What the book told me was that any activity, especially cleaning and organizing, can be a magical ritual. That gave me the needed impetus to get going on it again. Knowing it is magic helps my mood.
I have, between stints sorting through photos and pages today, walked my mile, shot up my daily dose of insulin, rested with my back on my industrial strength hot pad at least a half dozen times, done my sit-ups, then gone back into the Nature Spirit Room fray.
My Past, Present and Future exist in fewer and fewer dilapidating cardboard boxes back there. I've retired about seven so far, and I expect to delete four or five more today, and even more tomorrow.
I don't want this once onerous task hanging over me for much longer.
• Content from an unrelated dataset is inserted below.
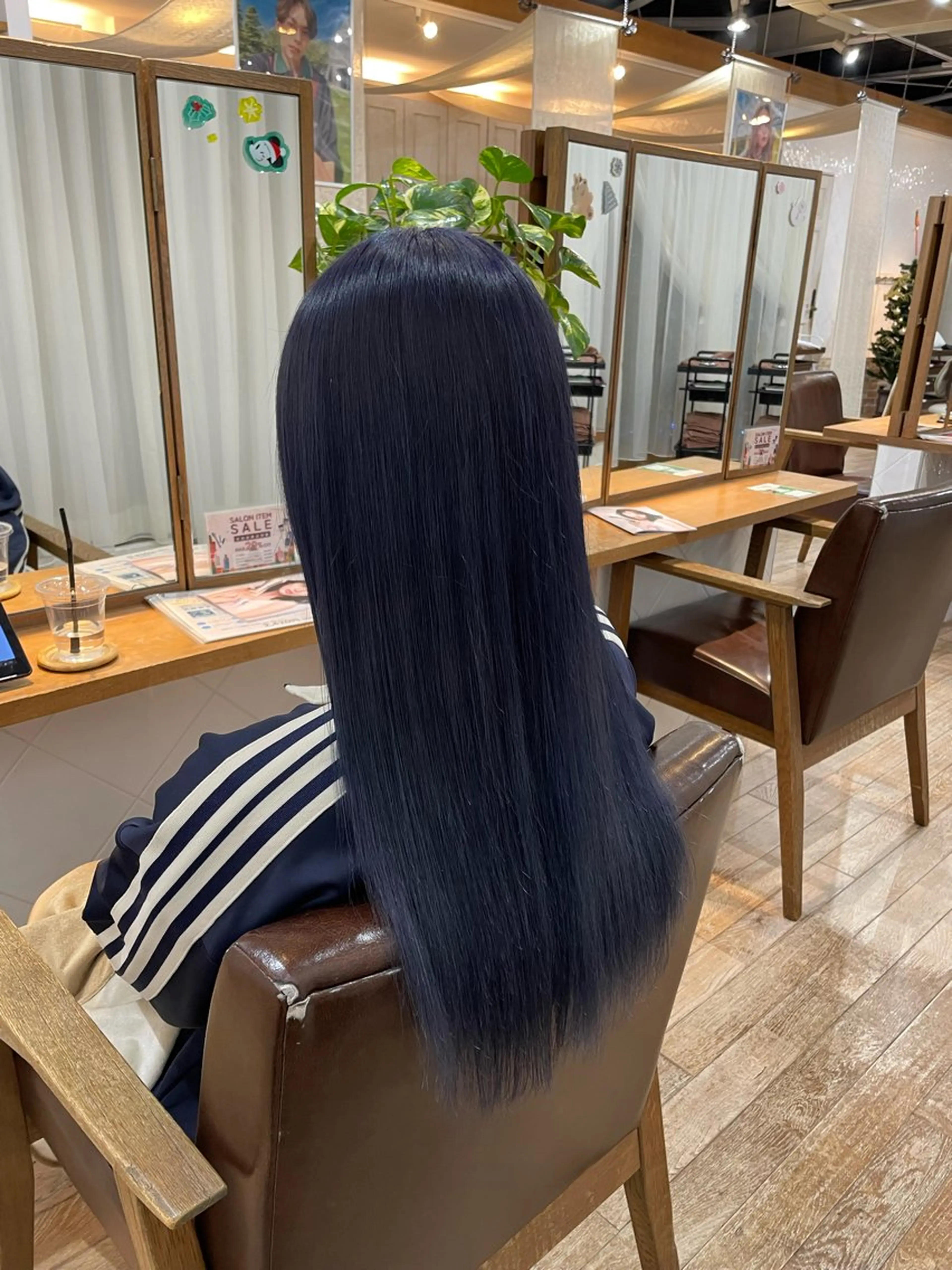 ロング カラー ヘアカラー トリートメント 🍑宮川 愛菜🍑のヘアスタイル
The next room is my office, and it'll be the last one in this massive reenginering of my home. Then comes more re-engineering of my physical and spiritual self.

Sorting through the masses has been visually fascinating. I used to think I knew every image I've ever printed. But there are images in those stacks that I was certain some other photographer had taken — until I found my rubber stamped "Must Credit; Photograph by JR Compton" on the back of some pretty strange images.
I've punctuated the gentle din from my CD player several times with outright laughter at some surprising image of some nearly forgotten former friend doing something really strange several times today. I expect a few more such visual epiphanies into the night.
There, sure enough, was Robert Goodson smoking hash out of a weenie, from the early 70s at Hooka, when we'd try smoking almost anything in almost anything we could find. Actually, the weenie was one of our more successful hash pipe attempts.
Sweet, quiet and other photographed moments with old friends remind me exactly how I felt the moment I pressed the shutter, ten, twenty or more years ago.
And there's a photo of my dear departed friend, the nationally acclaimed poet and imagist Gerald Burns in the wrought-iron gateway to the old D-Art building, looking like he's been incarcerated there for a lifetime...
It's hardly surprising it's taking me so long to sort through every newsletter, every magazine, every newspaper, every photograph or strip of negatives, slide or contact sheet from nearly 40 years of photographing, publishing and friending.
As I have pointed out elsewhere in this loose collection of epiphanic essays, this room, more than any other in this house, is my Past and my Present and my Future.
Sure, I could live without all that stuff. But I am living with it, and learning from it and extrapolating into the future using it as a cosmic and collective field of departure.
An ongoing physical, and also a magical, journey into the future.

border around my fern garden
I have goals. I have plans. I have hopes. I have dreams — secret and proclaimed.
But I am as clueless as anyone how all those will meld into the newly improved JR. I know I know I will be more sane, more gentle, kinder, more loving and more spiritual. And even more magical, but I certainly have not got all the details worked out.
I am, however, beginning to glimpse into my future. And like The Roo keeps repeating, I'll be "amazing."